→ **Exercise goal**
The answer must reproduce exactly the lines from the one with "Hatley Bella Dress" through the end of the material, and it must contain no pictures.

→ **Raw data**

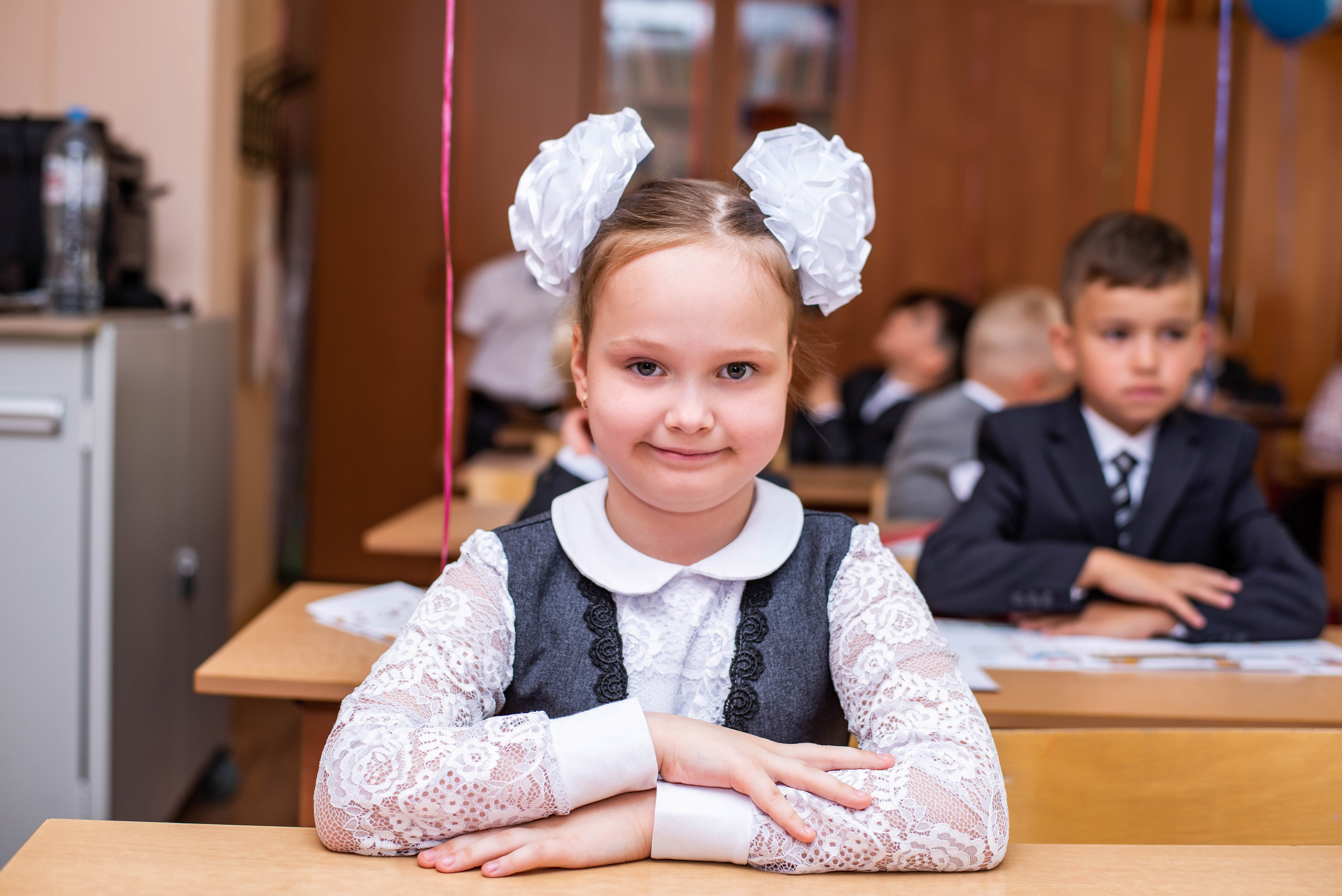 Портретная фотосессия. Выпускные альбомы в Подольске Москве и МО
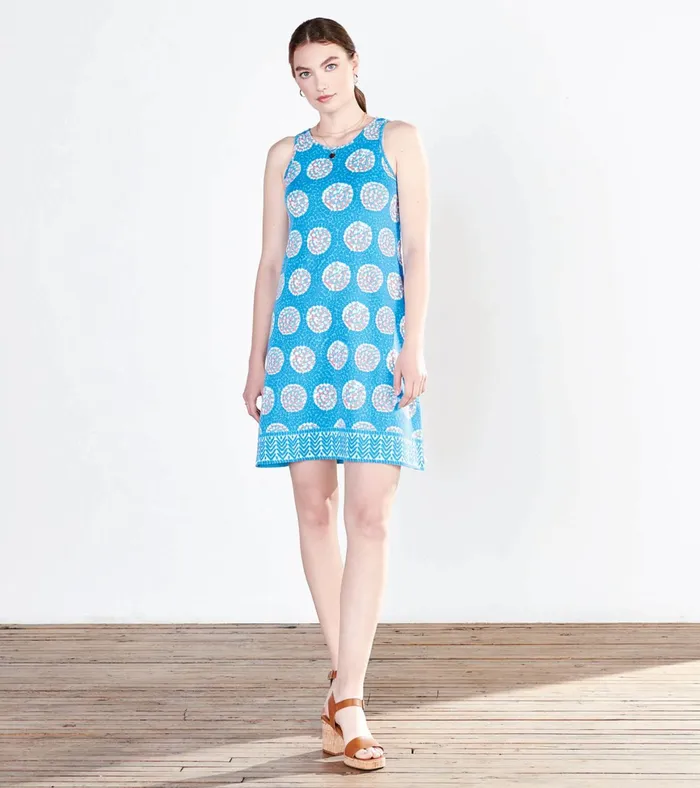Hatley Bella Dress 8211 Cobblestone Women Dresses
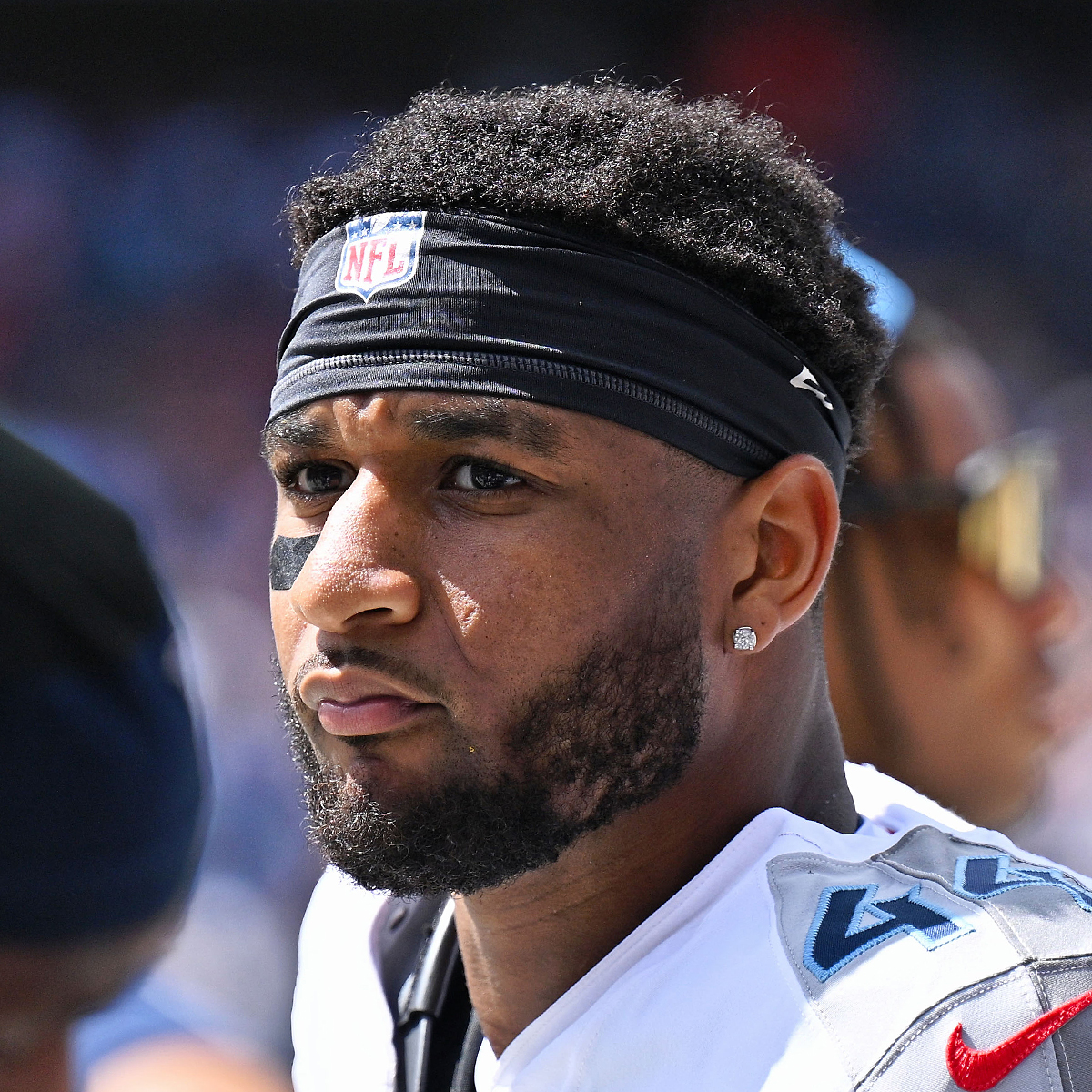 Tennessee Titans: Announced Devastating News Regarding Pro Bowler 3 Tennessee Titans, Mike Brown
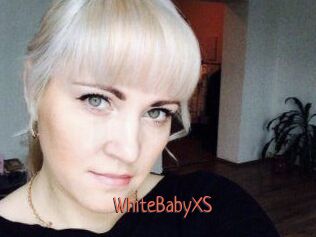 WhiteBabyXS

→ **Solution for this task**
Hatley Bella Dress 8211 Cobblestone Women Dresses
 Tennessee Titans: Announced Devastating News Regarding Pro Bowler 3 Tennessee Titans, Mike Brown
 WhiteBabyXS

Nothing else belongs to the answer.